**REQUIREMENT:** Of the entries below, return only those lines from the line with "Original Jazz Classics" to the line with "CHEVROLET CAMARO 2011 2g1fa1ed1b9203442", exactly, both included.

**PROVIDED ENTRIES:**

--*--

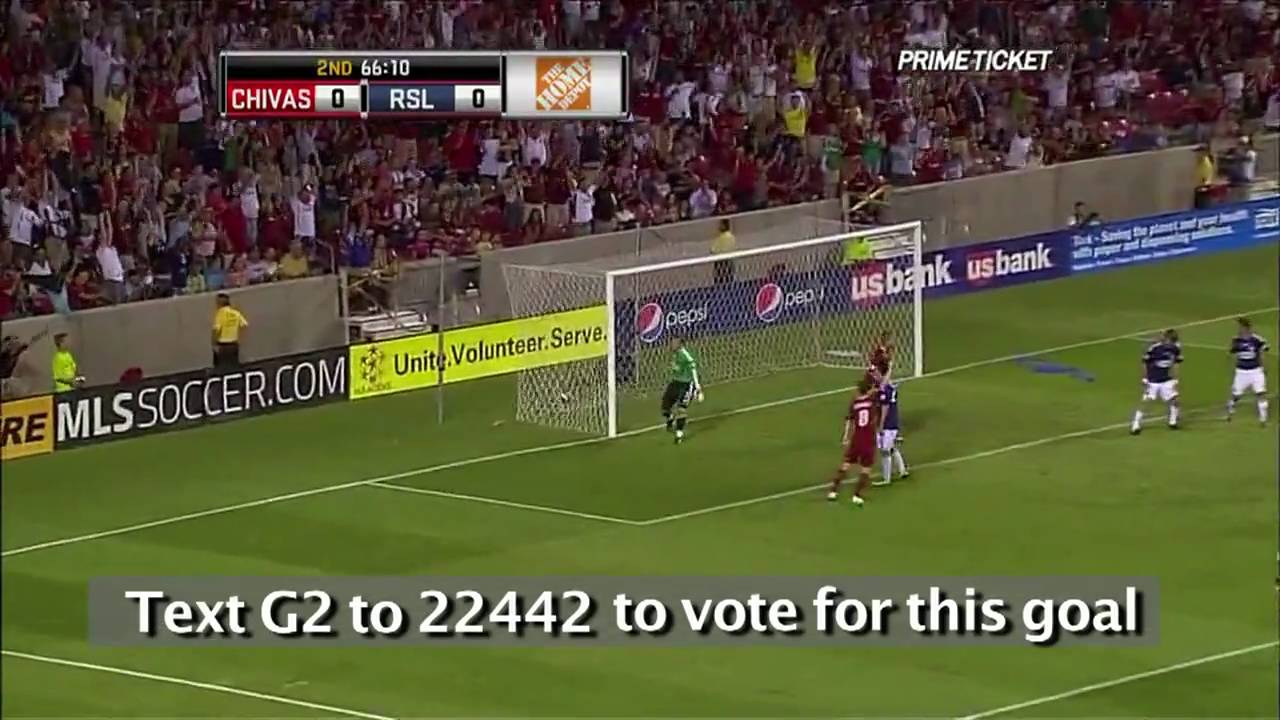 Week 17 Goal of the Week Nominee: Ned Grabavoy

--*--

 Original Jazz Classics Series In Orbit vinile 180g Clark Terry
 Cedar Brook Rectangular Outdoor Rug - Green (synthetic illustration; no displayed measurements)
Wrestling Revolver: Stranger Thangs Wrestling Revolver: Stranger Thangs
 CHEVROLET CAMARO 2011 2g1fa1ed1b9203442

--*--

**EXERCISE RESULT:**
 Original Jazz Classics Series In Orbit vinile 180g Clark Terry
 Cedar Brook Rectangular Outdoor Rug - Green (synthetic illustration; no displayed measurements)
Wrestling Revolver: Stranger Thangs Wrestling Revolver: Stranger Thangs
 CHEVROLET CAMARO 2011 2g1fa1ed1b9203442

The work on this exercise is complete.